Jon Paul's family in plea for organ donors
JON Paul's family have made a plea for more people to become organ donors following his death.
Jill Oxley, Jon Paul's mum, said she would like to see a change in the law to an opt-out system, meaning that everyone would automatically be an organ donor unless they chose not to be.
Since being put on the waiting list for a life-saving double lung transplant in February 2011, Jon Paul had received five calls to say lungs had become available.
But each time he travelled by ambulance to the specialist Harefield Hospital transplant centre in Middlesex he was told the organs were not viable.
Mrs Oxley said: "The last phone call came about eight weeks ago. We got 14 miles outside the hospital before being called to say go home again as there had been a problem with the lungs. Jon Paul said to me that the sixth pair would be his time.
"It's been like sleeping on a tinderbox since he was put on the transplant list. Just waiting for the phone to ring. I think he'd want people to know what we've been through to encourage others to sign up. We want to encourage more people to become organ donors – it doesn't take much."
Jon Paul had offered to donate his heart valves, the only part of his body suitable for donation due to his illness, but his family have since been told they cannot be used because of the medication he was taking.
Mrs Oxley said: "He wanted to help others even when he had passed away. I honestly thought he would get a transplant; we all did, but we were realistic too. Hearing other people's stories gave us hope.

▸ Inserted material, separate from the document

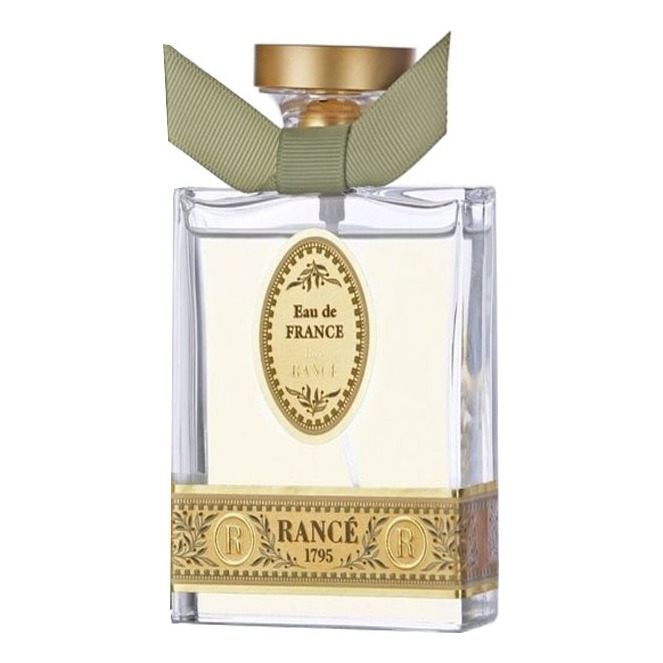 

Rue Rance Eau de France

"It's a shame it's come to something like this to try and encourage people to donate and not take it with them. I'm making a plea to the people of Plymouth to register. I'm urging the government to make organ donation compulsory unless you actually opt out. Even if we save one person something good has come from Jon Paul's life."
Most of Jon Paul's family have signed up to become organ donors since he was put on a waiting list.

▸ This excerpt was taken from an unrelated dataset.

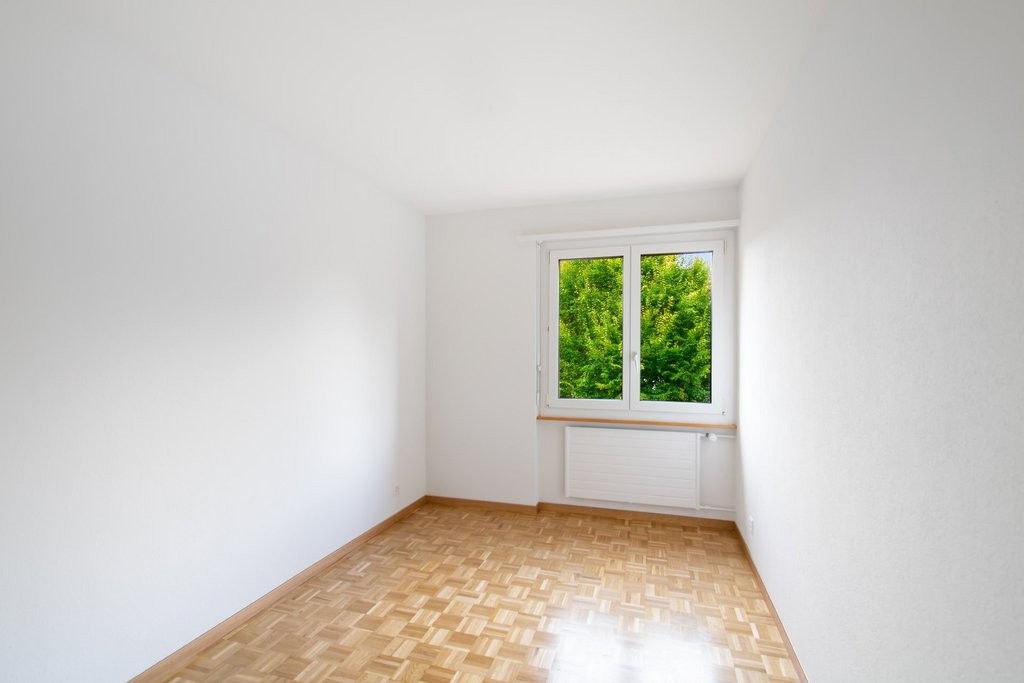 4-Zimmer-Wohnung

Jonathan Wickett, Jon Paul's uncle, said: "I think people find it hard to think about organ donation at a time of loss, but people need to think about how it can help someone else to live. It doesn't just help one person – it could help many.
"If people had been through what we'd been through they would change their minds. Because everyone has such busy lives organ donation isn't at the forefront of their minds. But if someone is rushed into hospital needing an urgent blood transfusion they expect to be able to get it without any problems – its' no different to giving an organ."